La précision gestuelle et le minimalisme humain caractérisent une fois encore cette intrigue policière très stylisée de Melville. Sans doute cette démarche s'exerce-t-elle parfois vainement à l'occasion de longues séquences où le suspense et les dialogues ne sont pas véritablement passionnants ; même si, assurément, en d'autres moments, le cinéaste sait donner une intensité surprenante aux scènes les plus classiques, comme en témoigne le dénouement, théâtral
et tragique.
Le sujet du "Doulos" (un indic dans le jargon des truands) est marqué par une constante équivoque, laquelle, entretenue par une mise en scène elliptique, n'est éclaircie que dans les derniers instants du film.

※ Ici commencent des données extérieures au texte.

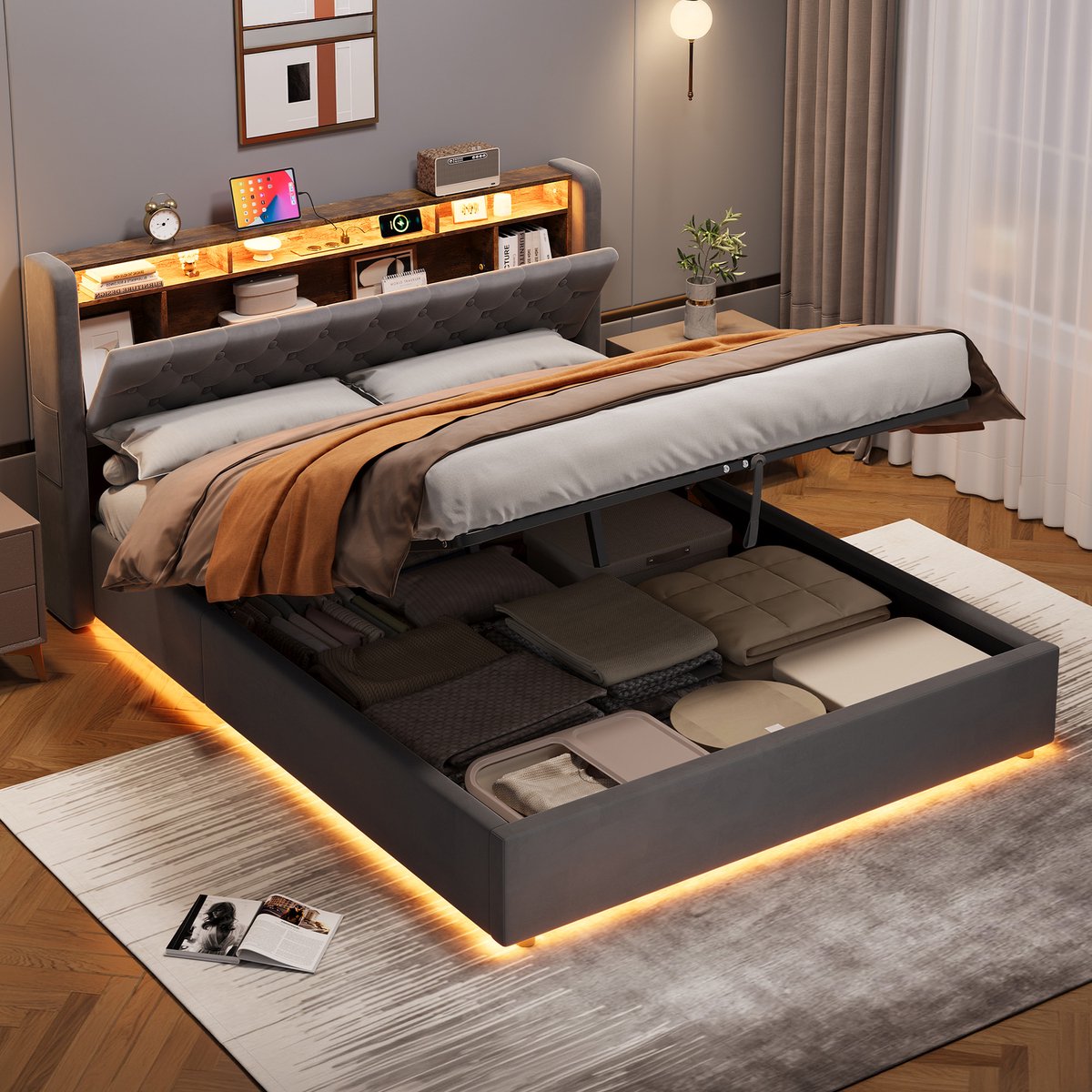 REDOM Gestoffeerd Bed 160x200 cm – Opbergbed met Hoofdbord Opbergruimte – Ruim Hydraulisch Bedframe – Fluwelen Tweepersoonsbed – Donkergrijs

Elle porte sur le comportement énigmatique de Silien (JP.Belmondo), dont on ne sait trop quel homme et quel gangster il est tant son inexpression, son masque, le rapprochent ou annoncent le Delon du "Samouraï".
Mais, plus encore, c'est son apparente duplicité qui crée l'équivoque; indicateur de police ou pas, le doulos devient, sous le regard de Melville, non pas seulement une figure incontournable du polar, mais un personnage de pure tragédie par lequel Melville aborde le thème classique de l'honneur dans la pègre.